The Small Business Administration released a 58-page guide for applicants on Wednesday night, then quickly took it offline. A revised version of the guide was released a few minutes before the portal opened on Thursday. (A spokeswoman for the agency said the guide needs to be updated to reflect "some last minute system changes".)
And less than two hours before the agency starts accepting applications, its Inspector Generalral sent an alert warning of "serious problems " with the program's waste and fraud controls. The Small Business Administration's current audit plan "exposes billions of dollars to potential misuse. f fonds ", the Inspector General written in report .
Successful applicants will receive a grant equal to 45% of their gross earned income from 2019, up to $ 10 million. Those who have lost 90% of their income ( compared to the previous year) after the outbreak of the coronavirus pandemic will have a window of14 day priority to receive the money, followed by another 14 day period for those who lost 70% or more. If there is any money left after that, it will go to applicants who have experienced a 25% loss in sales in at least one quarter of 2020. Sites owned by large companies, like Live Nation or AEG, are not eligible.
The application process is lengthy, with detailed questions about budgets, staff and site equipment.
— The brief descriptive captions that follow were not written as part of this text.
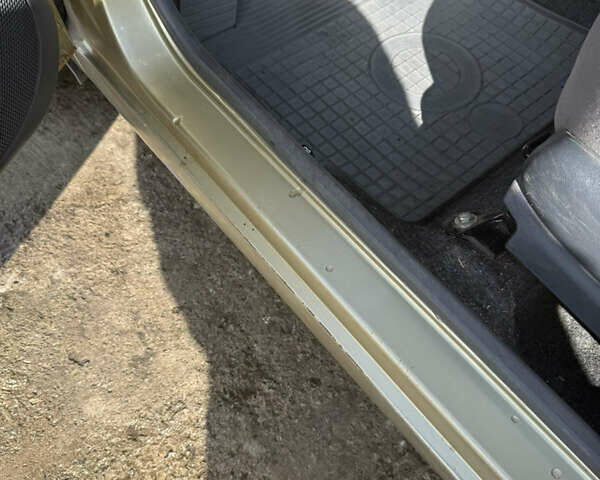 Желтый Дэу Матиз, объемом двигателя 0.8 л и пробегом 92 тыс. км за 3000 $, фото 5 на Automoto.ua
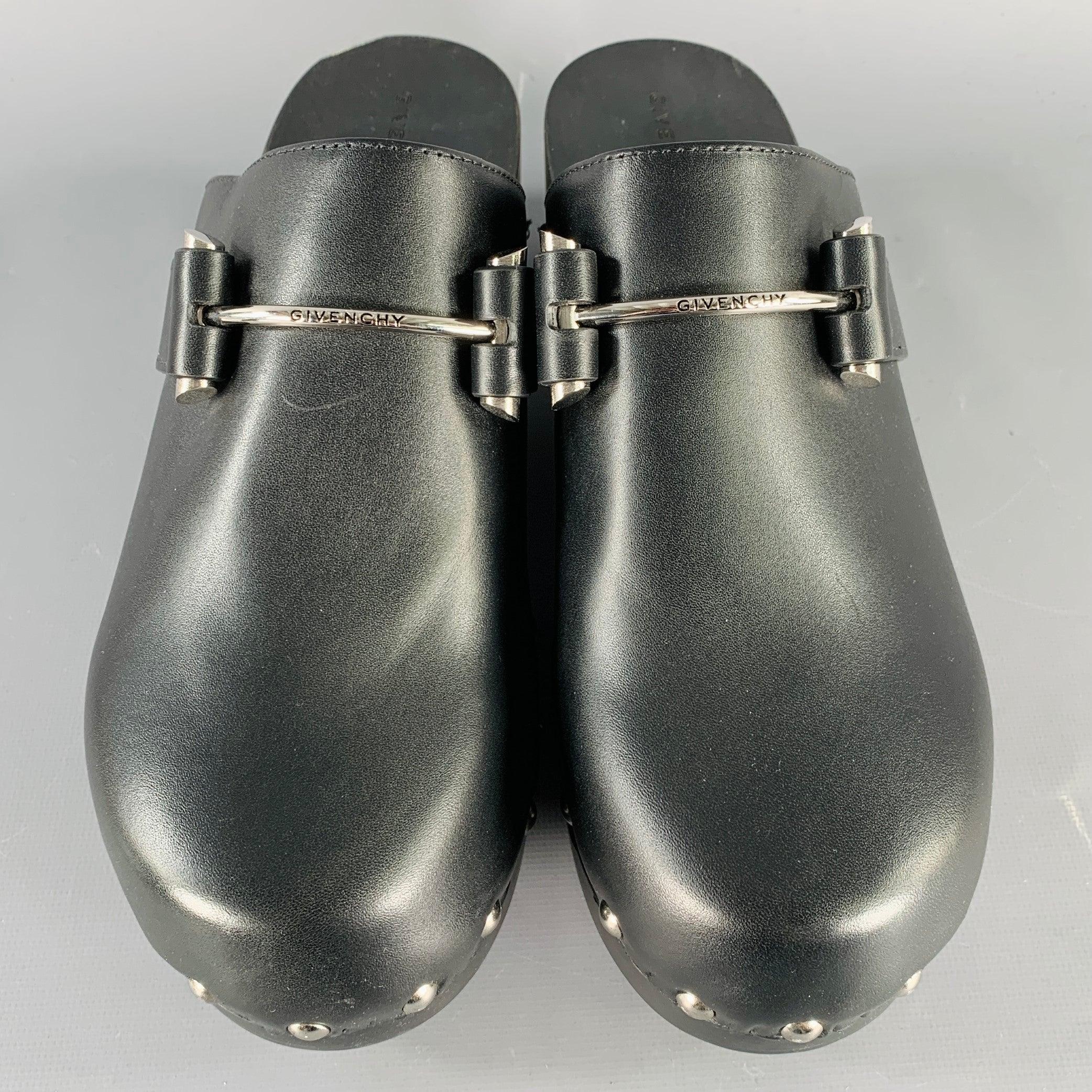 GIVENCHY Sandali zoccolo con borchie in pelle nera e argento taglia 9 In condizioni ottime in vendita a San Francisco, CA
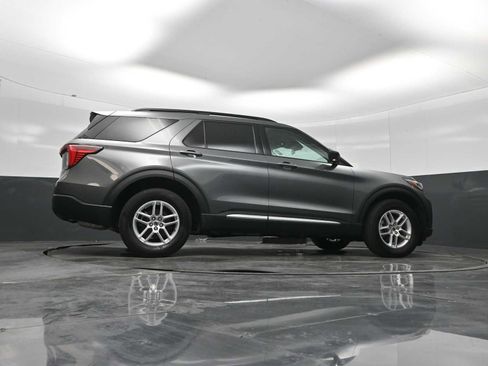 Used 2025 Ford Explorer Active AWD/4WD image 25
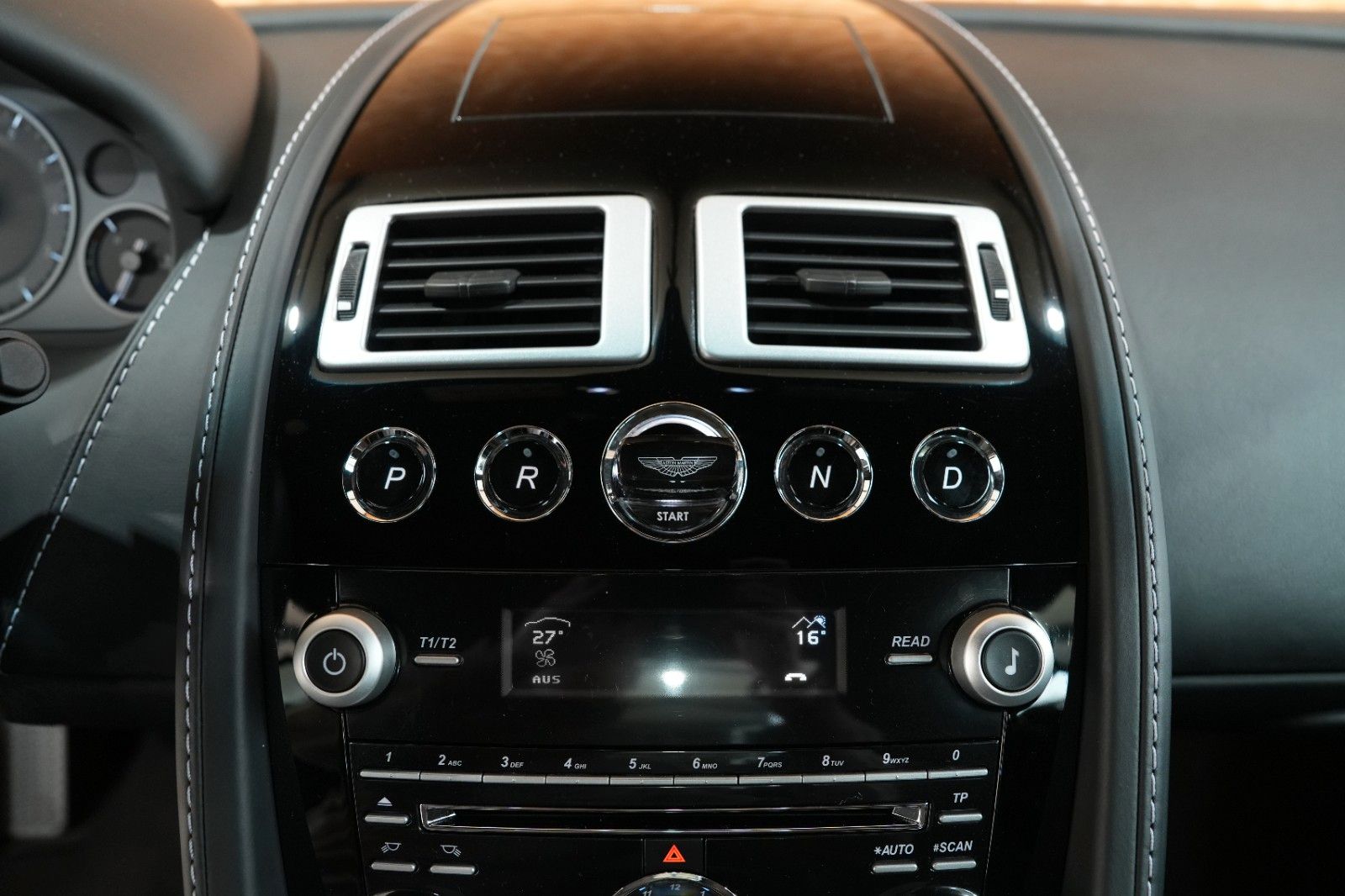 Fahrzeugabbildung Aston Martin DBS 6.0 Touchtronic V12 " Casino Royal " Carbon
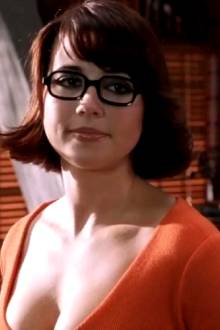 Linda Cardellini As Velma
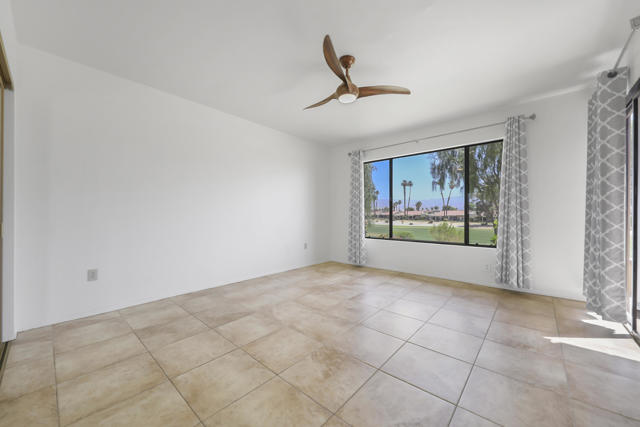 Image 13 of 42 For 40492 Bay Hill Way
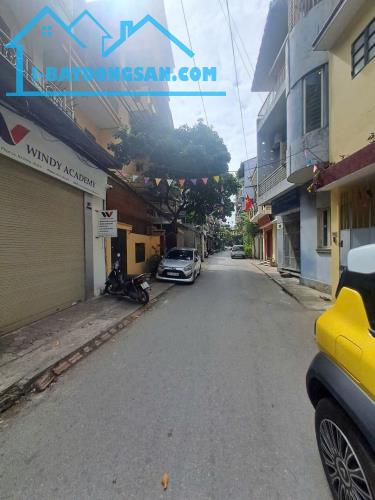 Mặt Phố Lô Góc Văn Quán 61m 4t mt4.4m,vỉa hè,ô tô tránh,kinh doanh an sinh đỉnh
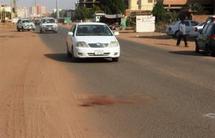 La route où a été tué le diplomate américain à Khartoum, le 1er janvier 2008 La route où a été tué le diplomate américain à Khartoum, le 1er janvier 2008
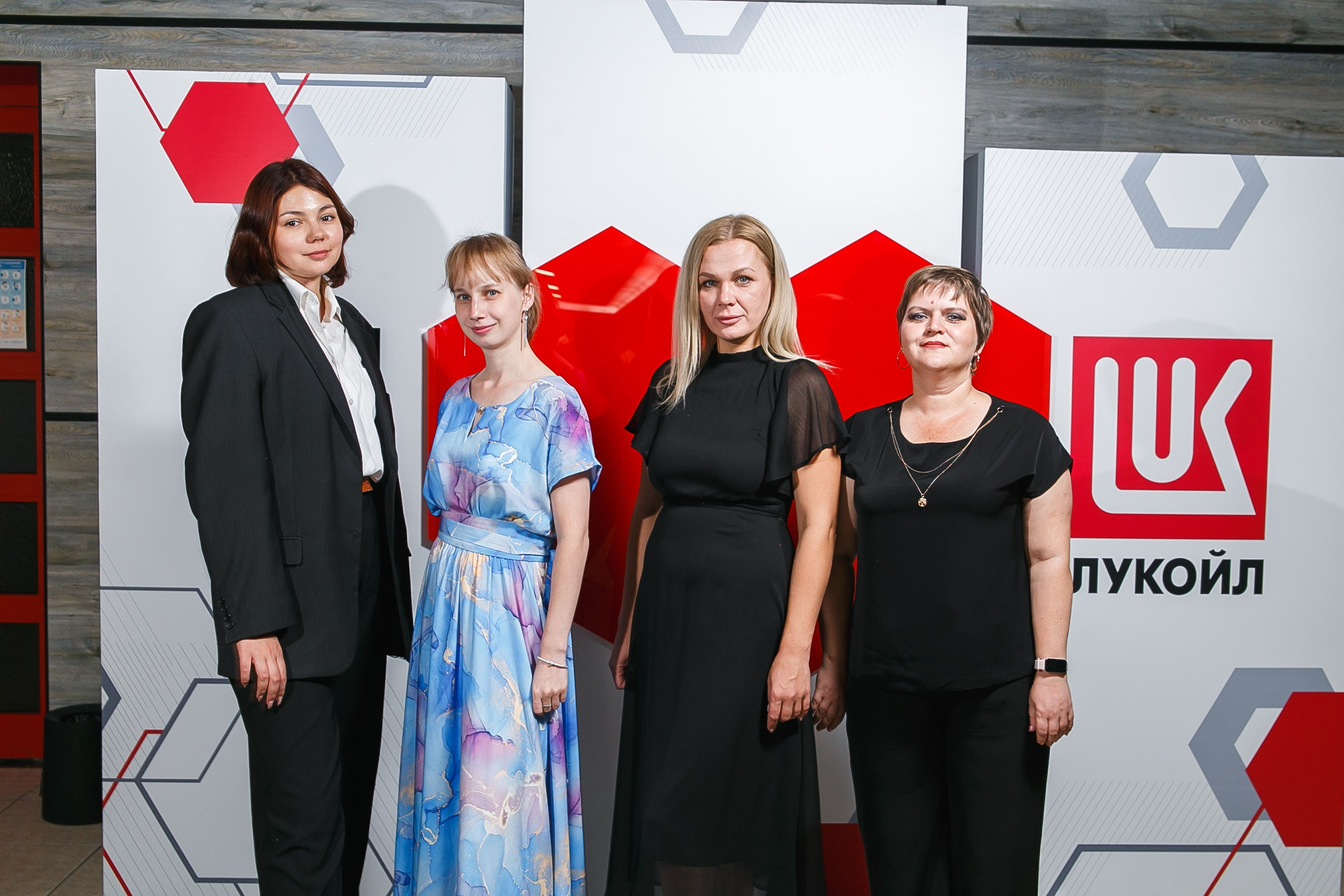 Фотозона на корпоративном мероприятии Лукойла в ДК Царицын. Событийный фотограф Максим Бескоровайновнов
"They want to make sure you don't just put a piano in a corner of an Italian restaurant and call you a concert hall," said Blayne Tucker, lawyer for several musical spaces in Texas. Image Technical issues spoiled the start of the first day of submitting applications for the grant program. Empty chairs were seen in Crowbar. Credit ... Zack Wittman for Hfrance.fr
Even with grants, concert halls can face several dry months before tours and live events return to pre-pandemic levels.
The grant program also provides assistance to Broadway theaters, performing arts centers and even zoos, which share many of the same economic struggles.
LThe Pablo Center at the Confluence, in Eau Claire, Wisconsin, for example, was able to raise around $ 1 million from donations and grants during the pandemic, but it is still $ 1.2 million short of its spending in the world. 'Annual fixed operations,' said Jason Jon Anderson, its executive director.
"By the time we open again, October 2021 at the earliest, we will have been closed longer than we had been ", he added. (The center opened in 2018, at a cost of $ 60 million.)
The thousands of small clubs that dot the national concert map have no access to major donors and, in many cases, they have survived on the fumes for months.
Stephen Chilton, owner of the 300-seat Rebel Lounge in Phoenix, said he had withdrawn "a few hundred thousand loans for maintenance.r the club afloat. In October, it reopened with a pop-up cafe inside, and the club hosts events, like quiz contests and open mic shows.
"We lose a lot less than what we lost when we were completely closed," said Mr Chilton, "but that does not make up for the lost revenue by organizing events. "
The Rebel Lounge is hoping a grant will help him survive until he can bring back a full range of concerts. What if its application is not accepted?
"There is no plan B ", a said Mr. Chilton.